- _What the task asks_
Quote the entries below from the line with "BOXBETT Monza anthrazit" through the line with "Bundled quote layout", both ends included, and only those lines.

- _Records to process_

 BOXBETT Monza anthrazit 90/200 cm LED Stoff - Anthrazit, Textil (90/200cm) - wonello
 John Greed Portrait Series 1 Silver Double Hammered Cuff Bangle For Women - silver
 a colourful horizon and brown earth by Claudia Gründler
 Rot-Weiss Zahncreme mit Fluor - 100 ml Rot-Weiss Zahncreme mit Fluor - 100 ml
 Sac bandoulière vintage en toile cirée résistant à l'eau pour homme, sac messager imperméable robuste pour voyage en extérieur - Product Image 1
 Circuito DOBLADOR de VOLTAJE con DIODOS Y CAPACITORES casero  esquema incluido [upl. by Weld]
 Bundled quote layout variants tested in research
...
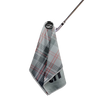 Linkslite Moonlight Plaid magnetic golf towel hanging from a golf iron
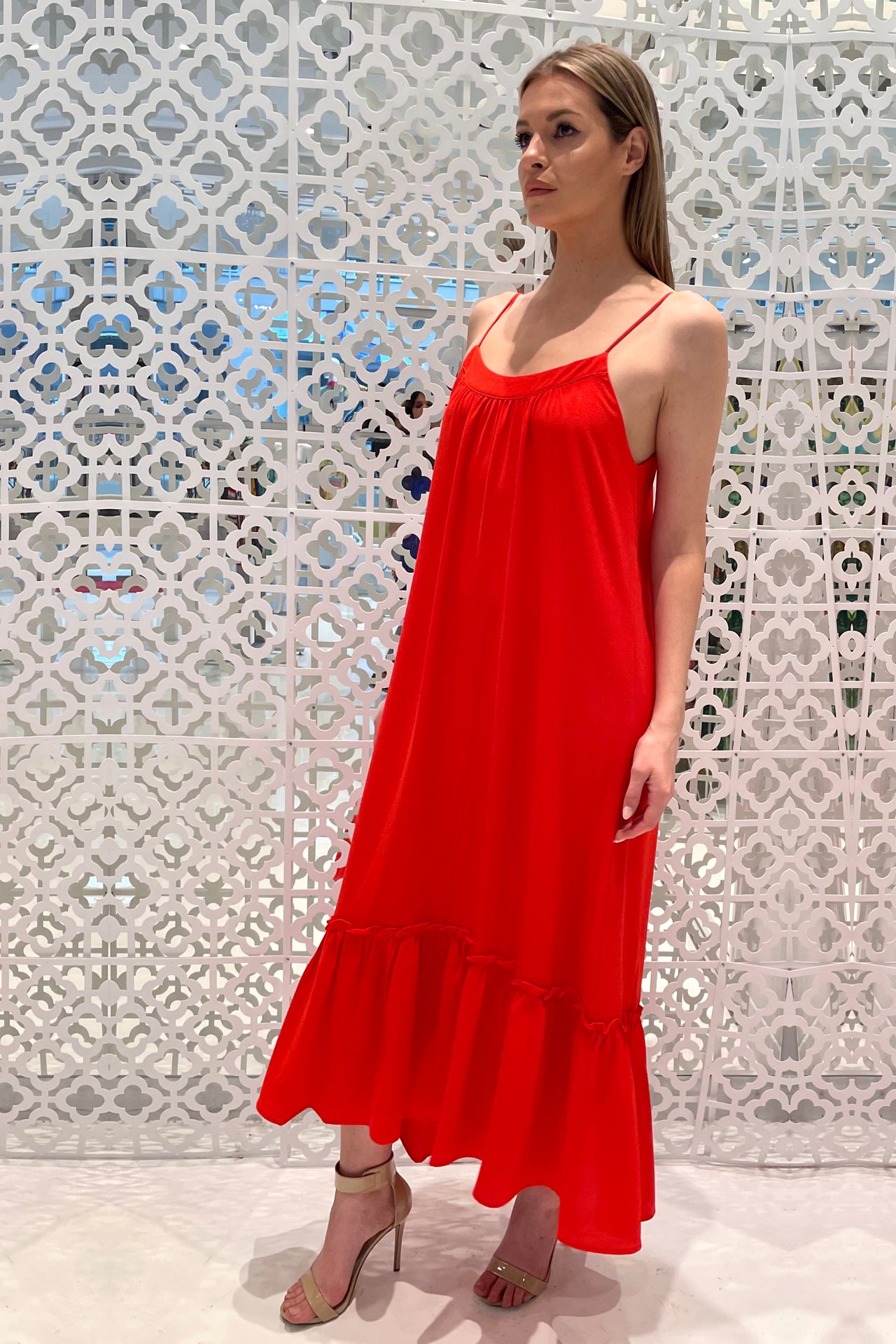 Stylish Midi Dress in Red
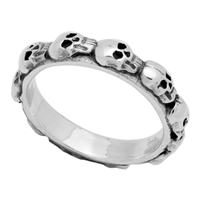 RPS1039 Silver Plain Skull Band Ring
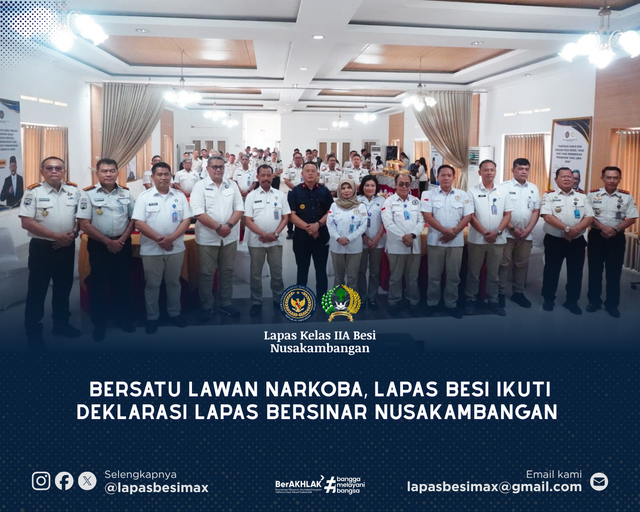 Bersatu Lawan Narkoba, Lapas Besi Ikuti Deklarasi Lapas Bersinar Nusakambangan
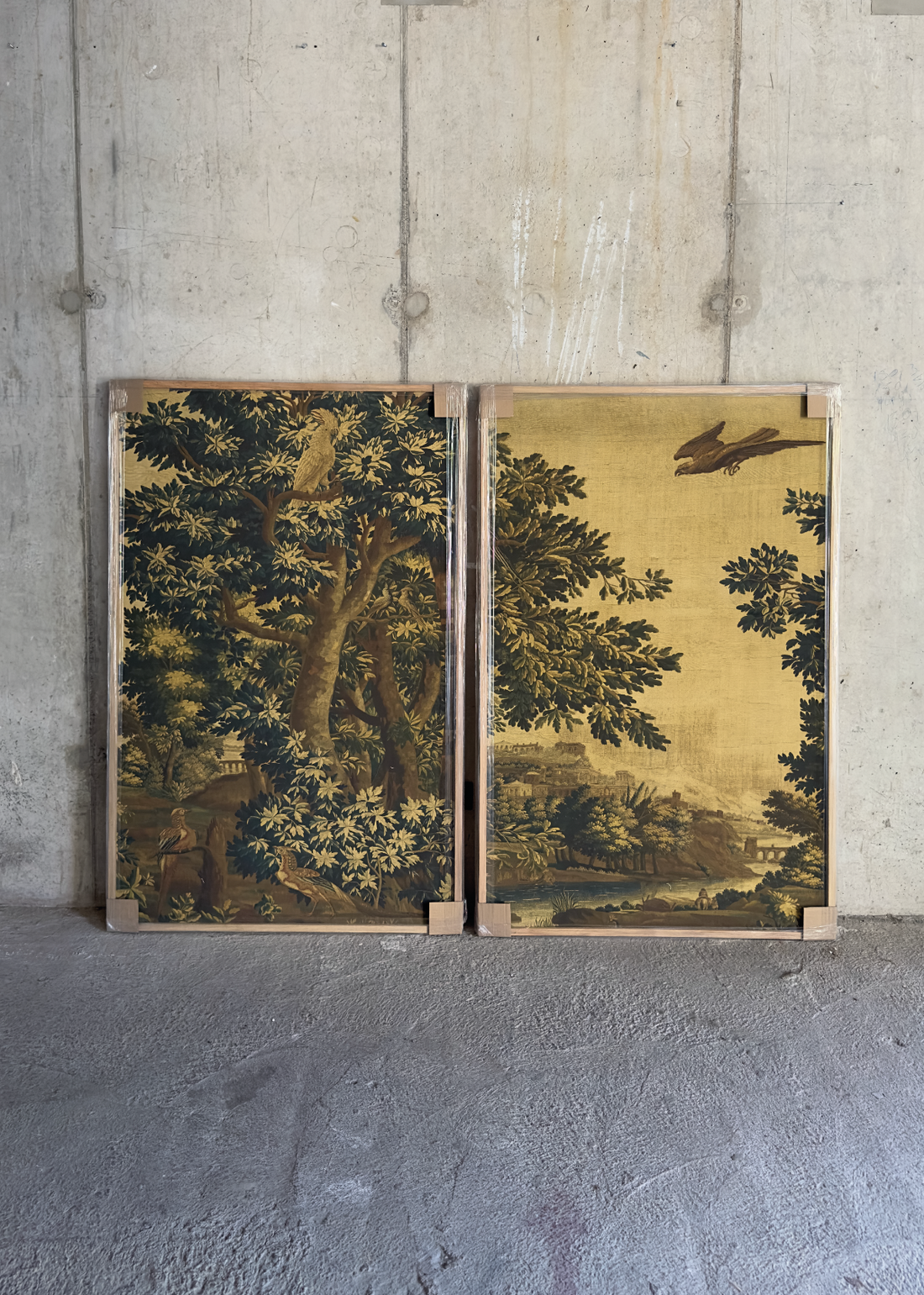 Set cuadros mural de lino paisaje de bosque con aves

- _Task result_
 BOXBETT Monza anthrazit 90/200 cm LED Stoff - Anthrazit, Textil (90/200cm) - wonello
 John Greed Portrait Series 1 Silver Double Hammered Cuff Bangle For Women - silver
 a colourful horizon and brown earth by Claudia Gründler
 Rot-Weiss Zahncreme mit Fluor - 100 ml Rot-Weiss Zahncreme mit Fluor - 100 ml
 Sac bandoulière vintage en toile cirée résistant à l'eau pour homme, sac messager imperméable robuste pour voyage en extérieur - Product Image 1
 Circuito DOBLADOR de VOLTAJE con DIODOS Y CAPACITORES casero  esquema incluido [upl. by Weld]
 Bundled quote layout variants tested in research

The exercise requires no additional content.